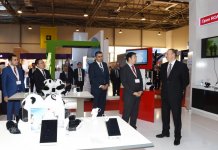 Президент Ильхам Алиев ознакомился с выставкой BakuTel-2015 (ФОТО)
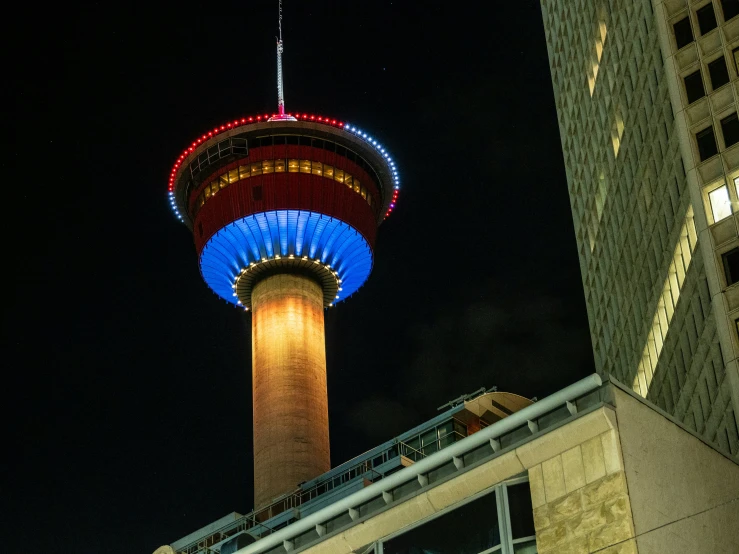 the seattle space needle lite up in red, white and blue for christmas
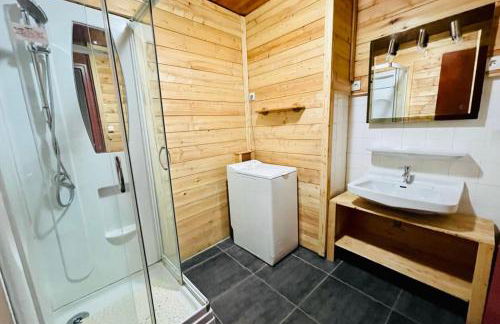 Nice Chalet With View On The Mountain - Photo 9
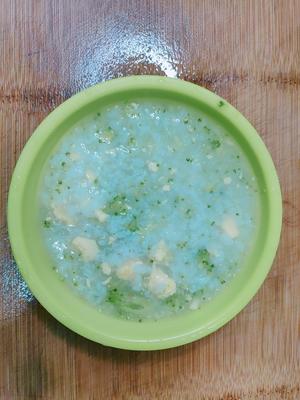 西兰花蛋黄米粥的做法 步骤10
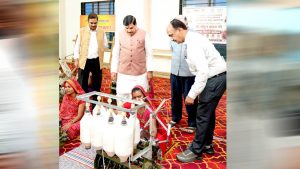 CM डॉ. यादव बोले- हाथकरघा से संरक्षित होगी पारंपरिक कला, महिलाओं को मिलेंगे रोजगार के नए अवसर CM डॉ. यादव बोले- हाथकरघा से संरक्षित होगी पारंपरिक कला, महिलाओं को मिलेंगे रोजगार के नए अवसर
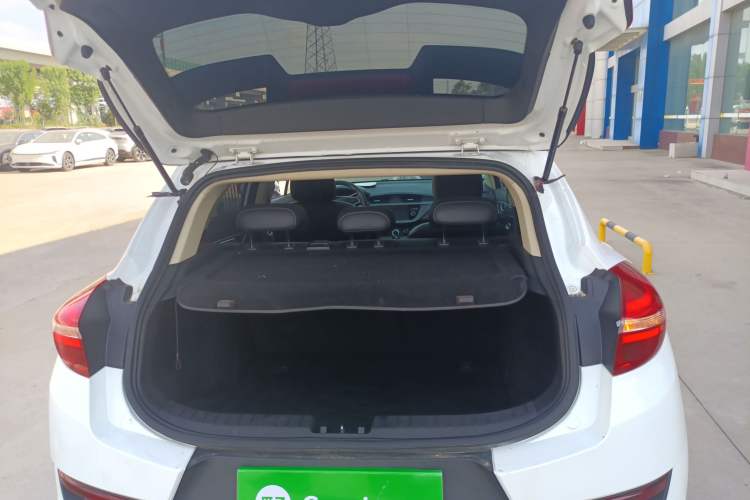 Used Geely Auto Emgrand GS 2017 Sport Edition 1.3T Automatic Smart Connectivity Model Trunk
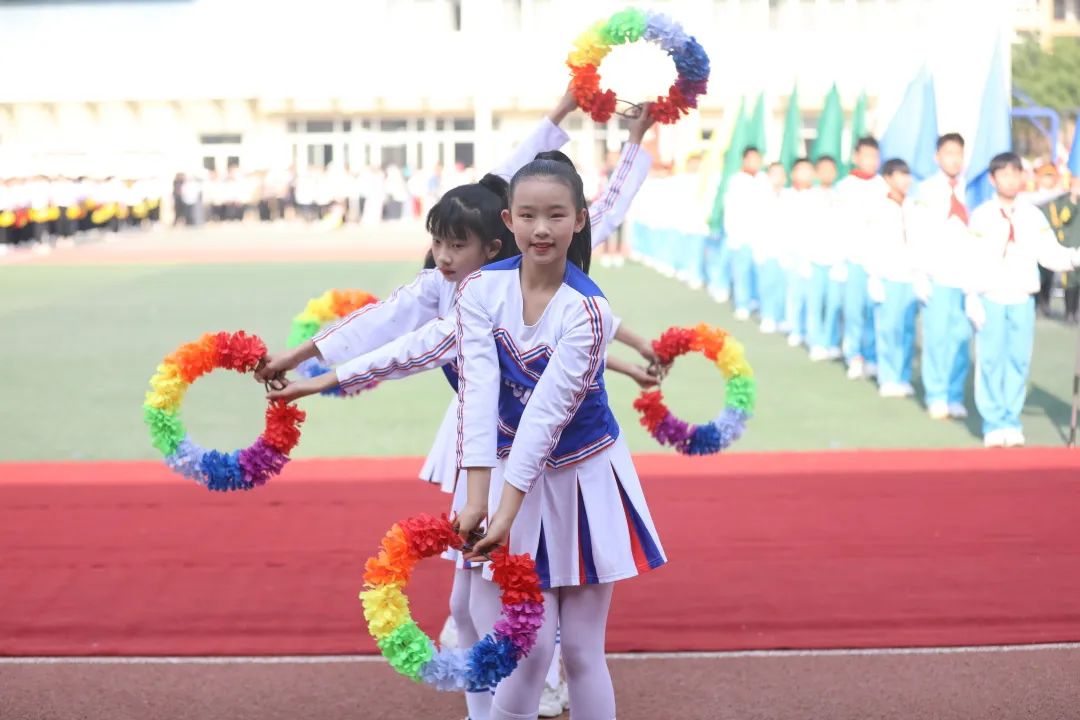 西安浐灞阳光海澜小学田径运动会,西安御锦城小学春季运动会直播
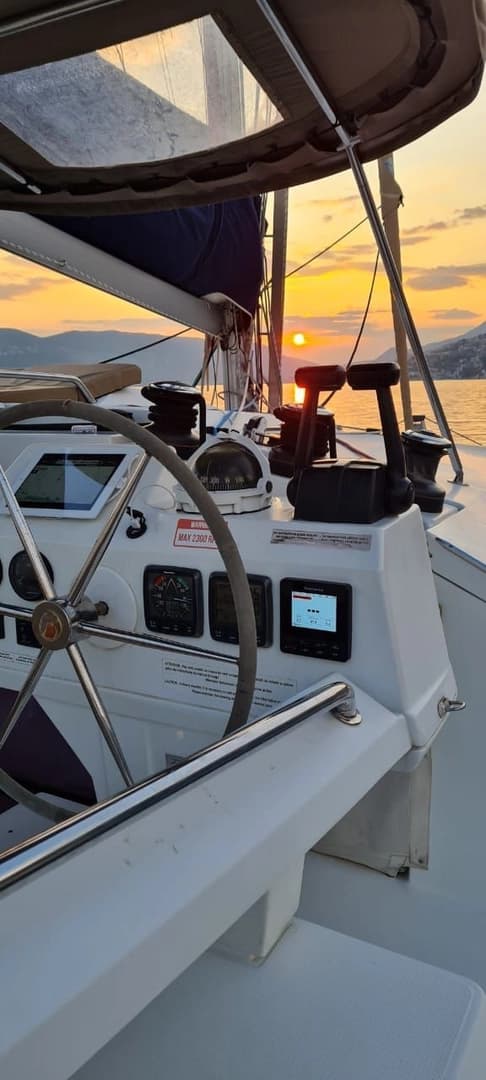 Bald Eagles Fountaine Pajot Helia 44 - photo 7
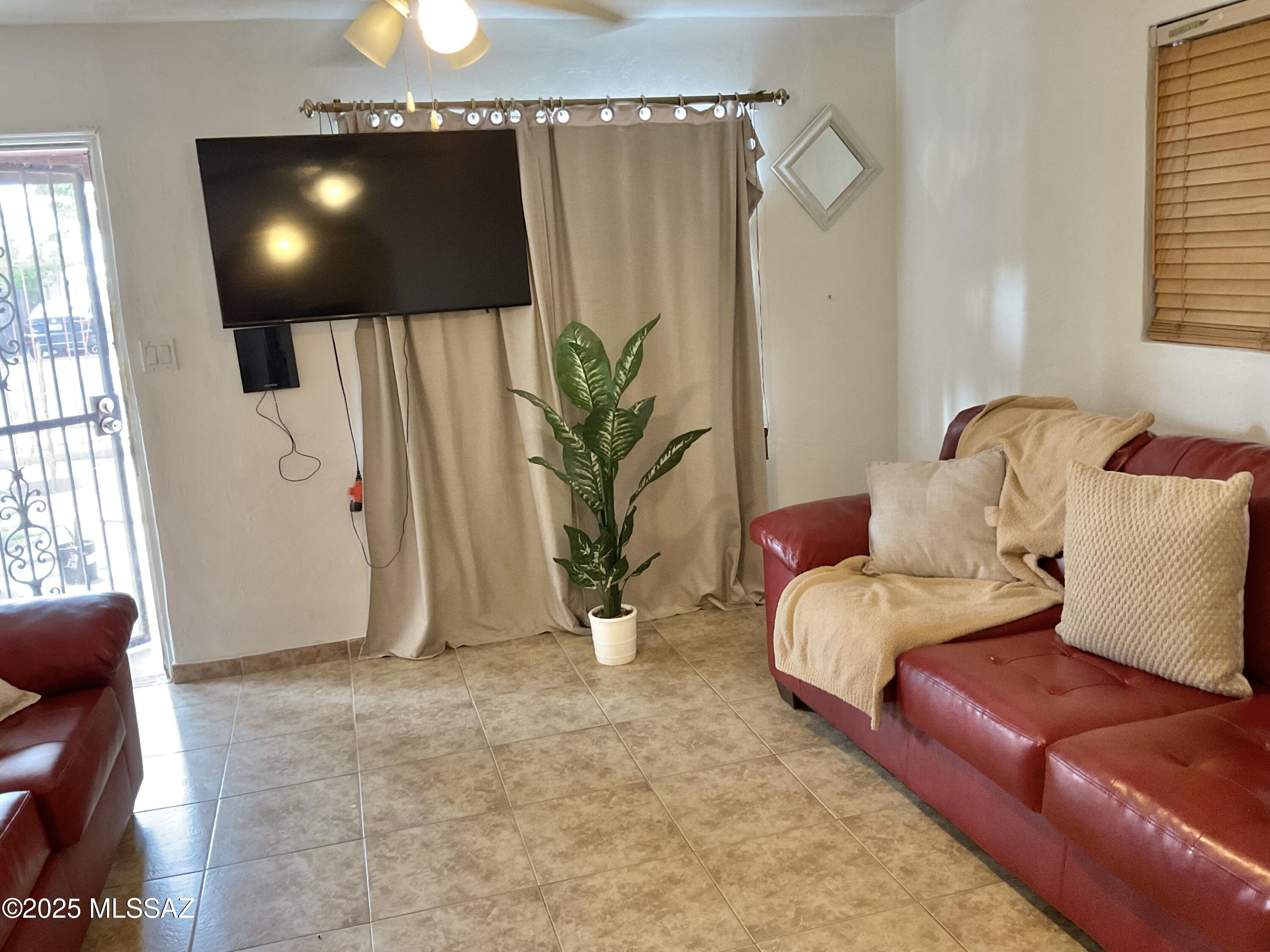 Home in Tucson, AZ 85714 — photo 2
....
(Prompt): No pictures belong in the copy. Retype exactly, and only, the lines from the line containing "Used Geely Auto" through the last line of the data, both included.

(Response):
 Used Geely Auto Emgrand GS 2017 Sport Edition 1.3T Automatic Smart Connectivity Model Trunk
 西安浐灞阳光海澜小学田径运动会,西安御锦城小学春季运动会直播
 Bald Eagles Fountaine Pajot Helia 44 - photo 7
 Home in Tucson, AZ 85714 — photo 2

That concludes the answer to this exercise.